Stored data
Start of Block
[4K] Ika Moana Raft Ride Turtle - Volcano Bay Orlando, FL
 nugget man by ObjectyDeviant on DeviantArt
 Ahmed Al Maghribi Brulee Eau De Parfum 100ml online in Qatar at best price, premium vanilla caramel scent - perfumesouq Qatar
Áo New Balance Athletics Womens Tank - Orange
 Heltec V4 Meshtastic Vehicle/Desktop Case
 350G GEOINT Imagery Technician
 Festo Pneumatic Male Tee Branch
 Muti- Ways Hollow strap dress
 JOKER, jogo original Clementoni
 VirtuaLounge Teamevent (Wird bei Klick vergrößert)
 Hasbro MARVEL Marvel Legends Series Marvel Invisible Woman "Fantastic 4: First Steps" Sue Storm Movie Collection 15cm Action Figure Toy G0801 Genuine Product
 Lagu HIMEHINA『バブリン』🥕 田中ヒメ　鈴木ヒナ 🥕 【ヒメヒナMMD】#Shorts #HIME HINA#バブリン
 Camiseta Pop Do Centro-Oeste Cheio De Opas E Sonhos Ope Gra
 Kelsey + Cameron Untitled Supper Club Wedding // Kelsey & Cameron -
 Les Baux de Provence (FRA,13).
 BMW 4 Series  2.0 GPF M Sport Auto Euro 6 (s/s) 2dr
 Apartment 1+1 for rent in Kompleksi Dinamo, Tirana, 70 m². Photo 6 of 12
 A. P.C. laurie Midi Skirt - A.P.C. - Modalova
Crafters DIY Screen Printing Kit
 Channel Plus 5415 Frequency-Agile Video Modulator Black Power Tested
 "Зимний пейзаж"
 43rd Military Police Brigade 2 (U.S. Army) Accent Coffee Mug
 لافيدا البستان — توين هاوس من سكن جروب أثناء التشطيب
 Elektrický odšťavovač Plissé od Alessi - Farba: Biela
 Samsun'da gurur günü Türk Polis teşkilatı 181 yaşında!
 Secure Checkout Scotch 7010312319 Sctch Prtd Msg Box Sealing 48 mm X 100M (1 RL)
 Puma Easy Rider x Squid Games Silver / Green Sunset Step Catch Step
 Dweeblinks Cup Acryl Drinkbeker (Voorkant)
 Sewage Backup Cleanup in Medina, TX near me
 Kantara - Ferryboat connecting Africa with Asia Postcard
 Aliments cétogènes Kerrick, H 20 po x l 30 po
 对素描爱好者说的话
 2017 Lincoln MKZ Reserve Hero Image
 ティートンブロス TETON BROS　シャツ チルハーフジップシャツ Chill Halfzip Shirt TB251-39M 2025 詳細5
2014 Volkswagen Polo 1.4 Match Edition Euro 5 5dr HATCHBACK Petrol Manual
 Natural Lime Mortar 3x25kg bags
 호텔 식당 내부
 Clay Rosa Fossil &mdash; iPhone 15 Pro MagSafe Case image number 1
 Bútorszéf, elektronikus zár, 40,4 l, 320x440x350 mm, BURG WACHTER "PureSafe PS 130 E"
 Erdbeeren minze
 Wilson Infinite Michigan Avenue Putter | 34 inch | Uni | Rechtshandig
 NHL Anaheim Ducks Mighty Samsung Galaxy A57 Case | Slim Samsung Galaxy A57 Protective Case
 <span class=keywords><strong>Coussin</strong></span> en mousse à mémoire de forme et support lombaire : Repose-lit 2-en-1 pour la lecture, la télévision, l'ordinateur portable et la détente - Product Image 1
End of Block
EXERCISE AIM: The lines from the top of the data above down to the line containing "VirtuaLounge Teamevent (Wird" are to be copied exactly; no other line should appear.

RESULT FOR THIS TASK:
[4K] Ika Moana Raft Ride Turtle - Volcano Bay Orlando, FL
 nugget man by ObjectyDeviant on DeviantArt
 Ahmed Al Maghribi Brulee Eau De Parfum 100ml online in Qatar at best price, premium vanilla caramel scent - perfumesouq Qatar
Áo New Balance Athletics Womens Tank - Orange
 Heltec V4 Meshtastic Vehicle/Desktop Case
 350G GEOINT Imagery Technician
 Festo Pneumatic Male Tee Branch
 Muti- Ways Hollow strap dress
 JOKER, jogo original Clementoni
 VirtuaLounge Teamevent (Wird bei Klick vergrößert)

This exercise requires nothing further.